Ex-KKR exec Navab navigates tricky waters of deal attribution

  • Navab expected to launch debut soon
  • Will be able to cite around 50 companies as part of KKR activity
  • Deals were made when Navab led Americas PE

When Alex Navab, the former senior KKR executive, launches his debut fundraising, he’ll be talking up around 50 deals done during his time as head of the firm’s Americas PE, several sources told Buyouts.

Navab has a letter from KKR that allows him to cite these investments, sources said. He is not able to cite deal-by-deal track record for that universe of investments, which run from the end of 2008 to 2017, sources said.

The deals in question are from three funds. The majority were held in Fund XI, which closed on $9 billion in 2014. The rest were held in KKR’s 10th fund, which closed on around $17.6 billion in 2008, and North America Fund XII, which raised about $14 billion in 2017, sources said.

Navab announced his new firm in April, though he did not talk about fundraising.

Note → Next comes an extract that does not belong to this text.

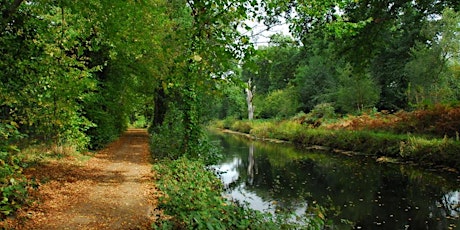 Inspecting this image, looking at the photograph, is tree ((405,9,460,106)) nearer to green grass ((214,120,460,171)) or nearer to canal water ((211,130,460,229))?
green grass ((214,120,460,171))

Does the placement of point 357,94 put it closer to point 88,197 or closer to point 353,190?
point 353,190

Sources have told Buyouts they expect Navab to launch his debut fund soon and target $3 billion. It’s unclear at how much Fund I will be capped.

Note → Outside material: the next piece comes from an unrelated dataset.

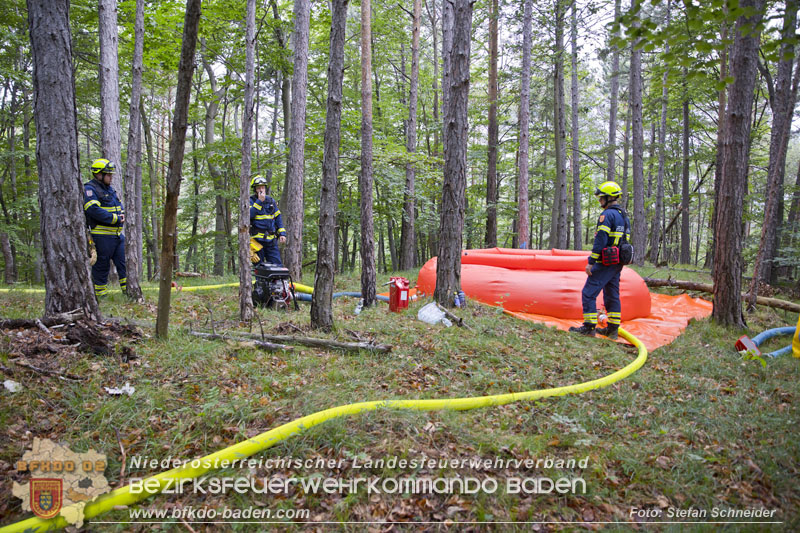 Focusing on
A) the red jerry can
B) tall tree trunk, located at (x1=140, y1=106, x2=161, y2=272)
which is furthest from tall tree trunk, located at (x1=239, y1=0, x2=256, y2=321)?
tall tree trunk, located at (x1=140, y1=106, x2=161, y2=272)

Track record is a touchy issue for executives who leave to start their own firms. Most PE shops closely protect an executive’s track record, which forces the exec to prove by other public sources which investments they worked on during their time at the firm. These can include regulatory filings and news releases.

The problem is that LPs interested in new firms want to see verifiable track records as they assess new managers. Around 84 percent of 98 institutional investors who responded to a Probitas Partners survey in 2017 cited verifiable track record as the most important factor in backing a first-time fund.

One institutional investor who responded to the survey said that to gain his attention, a first-time fund needed at least a 3x gross-multiple track record, Buyouts reported.

Its interesting that Navab has a letter from KKR laying out the investments he can cite, while still not giving access to actual performance. Sources speculated that Navab got the letter as a way to ensure he is not violating any sort of attribution restrictions.

Goldman Sachs is helping Navab in the early days, lending industry relationships, resources and expertise, including introductions to potential capital sources as well as operations support, sources told Buyouts.

Navab is looking for deals even in the absence of a fund, and if he finds an opportunity, he could source capital from individual investors to fund a transaction, he told Buyouts in an April interview.